-- PROVIDED DATA follows --
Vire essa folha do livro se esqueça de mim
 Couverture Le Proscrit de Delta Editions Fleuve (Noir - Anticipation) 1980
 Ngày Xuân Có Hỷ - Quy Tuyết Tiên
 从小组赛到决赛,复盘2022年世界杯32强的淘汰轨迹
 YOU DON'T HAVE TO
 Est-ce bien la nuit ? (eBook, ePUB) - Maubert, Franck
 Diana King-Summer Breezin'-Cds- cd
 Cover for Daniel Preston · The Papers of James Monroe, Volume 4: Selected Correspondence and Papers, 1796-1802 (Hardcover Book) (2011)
-- PROVIDED DATA concluded --
-- PROVIDED DATA follows --
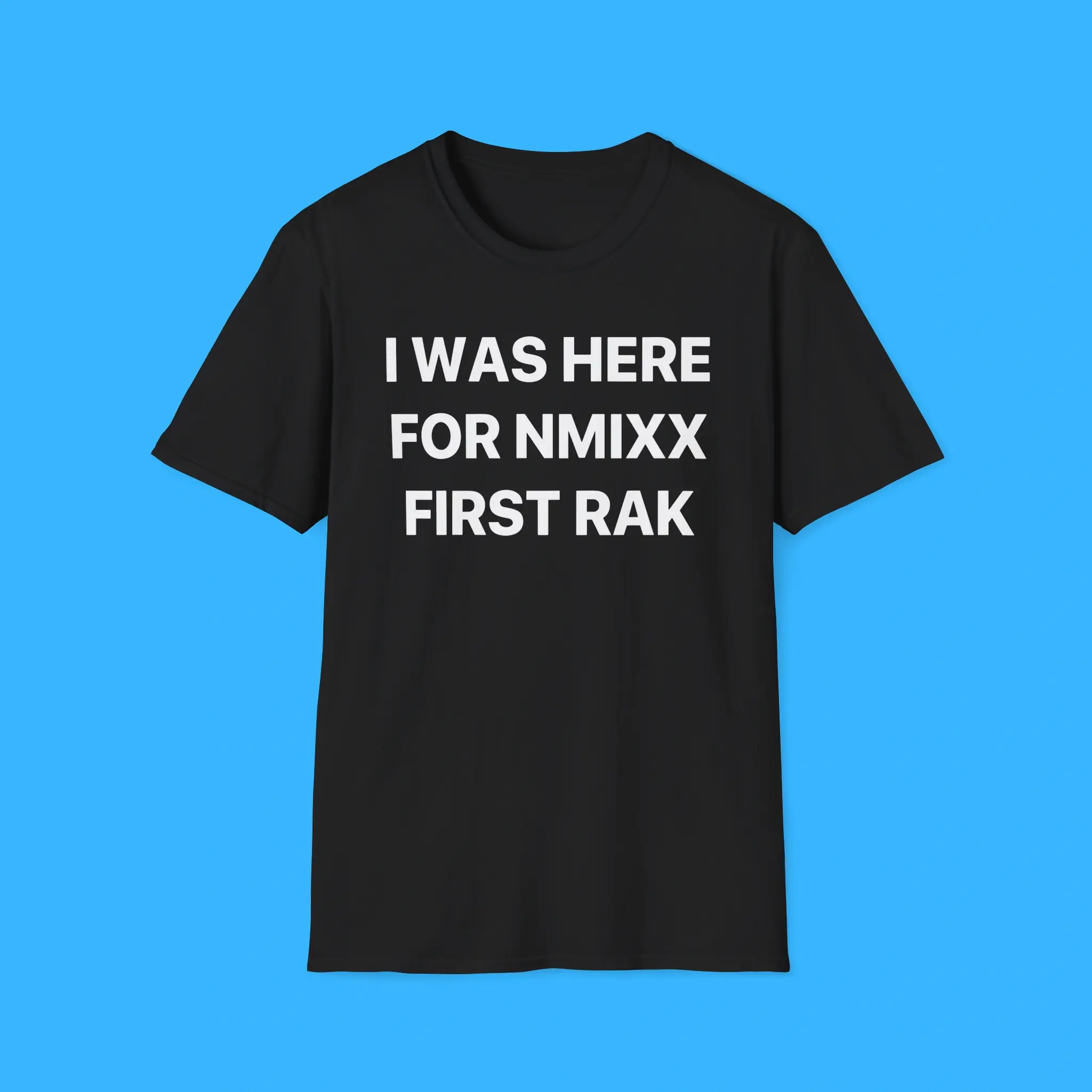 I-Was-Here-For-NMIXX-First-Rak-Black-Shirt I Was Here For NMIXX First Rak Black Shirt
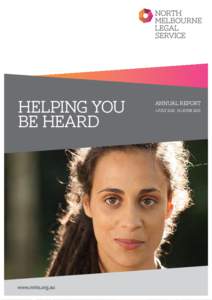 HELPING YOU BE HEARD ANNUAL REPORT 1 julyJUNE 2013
-- PROVIDED DATA concluded --
▶ **TASK ITEM**: Copy the lines above exactly, beginning at the line that has "Ngày Xuân Có Hỷ - Quy Tuyết Tiên" and stopping after the line that has "Cover for Daniel", and omit the rest.

▶ **WRITTEN SOLUTION**:
 Ngày Xuân Có Hỷ - Quy Tuyết Tiên
 从小组赛到决赛,复盘2022年世界杯32强的淘汰轨迹
 YOU DON'T HAVE TO
 Est-ce bien la nuit ? (eBook, ePUB) - Maubert, Franck
 Diana King-Summer Breezin'-Cds- cd
 Cover for Daniel Preston · The Papers of James Monroe, Volume 4: Selected Correspondence and Papers, 1796-1802 (Hardcover Book) (2011)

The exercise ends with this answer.